В течение двух дней противник нас не беспокоил; по-видимому, производил перегруппировку своих войск. Наши полки усиленно занимались приведением окопов в окончательно готовый вид, но, конечно, без проволочных заграждений, для которых не было ни проволоки, ни кольев.
169-й пехотный Ново-Трокский полк своих окопов не оставил и вместе с нашими батареями встретил немцев сильнейшим огнем, немецкое наступление захлебнулось, и его артиллерия снова повела артиллерийскую подготовку, длившуюся до самого вечера.
С наступлением темноты 169-й полк, понеся большие потери убитыми, ранеными и засыпанными в окопах землей[299]
, отошел версты две назад, на имевшуюся здесь вторую (не законченную же постройкой) линию окопов.

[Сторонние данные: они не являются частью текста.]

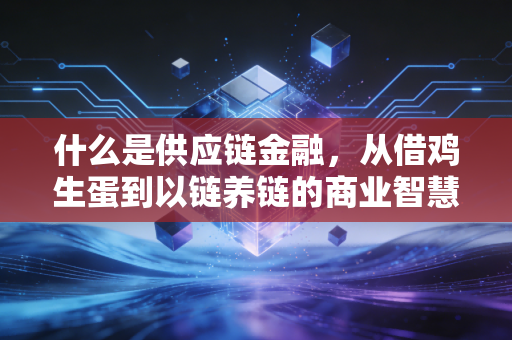 什么是供应链金融,从借鸡生蛋到以链养链的商业智慧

В связи с этим я решил отодвинуть назад весь фронт дивизии, су зить его и расположиться по хребту высот, вдоль правого берега реки Березины, от Скодорова до Клима, а 26-я пехотная дивизия по приказанию командира корпуса выдвинулась несколько вперед и заняла фронт Климы – Вирцими. За ночь все части закрепились, и на следующий день, когда наконец-таки нашлись наши артиллерийские парки, доставившие нам снаряды и патроны, мы надлежащим образом ответили на огонь противника и прекратили все его попытки нас атаковать. Через два дня после этого прибыл из командировки 170-й пехотный Молодечненский полк и представил приказ начальника 2-й гвардейской пехотной дивизии с похвалами о его блестящих боевых действиях за Сморгонью.Отходя на гребень высот, в одном только погрешили: 172-й пехотный полк не удержал в своих руках фольварка Кальвария, несколько выдвинутого вперед перед нашим левым флангом, с его прочными каменными постройками, под прикрытием которых противник мог в нем размещать в непосредственной к нам близости свои пехотные части.
Этот фольварк все время был бельмом на нашем глазу и не давал покоя командиру корпуса. Решено было его захватить, для чего был назначен 172-й пехотный Лидский полк под командой полковника Баранова и взвод мортирной батареи. Эпизод этот в дневнике генерала Флуга описывается так:
…Я имел случай с близкого расстояния отчетливо ви деть ход боя на самом интересном участке фронта… у фольварка Кальвария, который атаковал наш Лидский полк; вид этот был настолько поучителен, что на нем стоит остановиться.
Позиция немцев в районе фольварка тянулась через него с севера на юг; скат, обращенный к нам, по-видимому, представлял довольно много закрытий, в виде разбросанных рощ и лощин, а также мертвых пространств; но ближний обстрел на одну-две сотни шагов имелся хороший.
Внутренность позиции немцев хорошо укрыта от наших взоров: что делалось за занятым ими гребнем, мне совершенно не было видно, несмотря на хороший наблюдательный пункт, на котором я находился в расстоянии верст 4–4½ от их передовых окопов.
Лидцы занимали окопы шагах в 500–600 от немцев; наступление началось с того, что мы стали подводить резервы к передовым окопам против фольварка Кальвария, обстреливая позицию немцев ураганным огнем артиллерии. Противник безмолвствовал; видно было только, что он обстреливает довольно редко пермцев, которые наступали левее лидцев.
Наступающая против фольварка Кальвария пехота не была удостоена ни артиллерийского, ни ружейного или пулеметного огня. К крайнему моему удивлению, молчание это продолжалось и тогда, когда наша пехота, по подходе резервов, вышла из своих окопов и довольно решительно двинулась в атаку. Шагах в 300 от немцев она залегла, но после непродолжительной остановки возобновила наступление довольно густыми цепями; только здесь мною стало наблюдаться довольно частое падение пуль среди наступающих и стал слышен треск пулеметов. Несмотря на это, наступление продолжалось очень энергично – все ближе и ближе к гребню немецкой позиции. Оставалось сделать еще небольшое усилие, и окопы были бы в наших руках; я с нетерпением и тревогой ждал торжественной минуты, когда начнется штыковая расправа с притаившимся в окопах противником, которого до сих пор совершенно не было видно. Но увы! Этому не суждено было сбыться.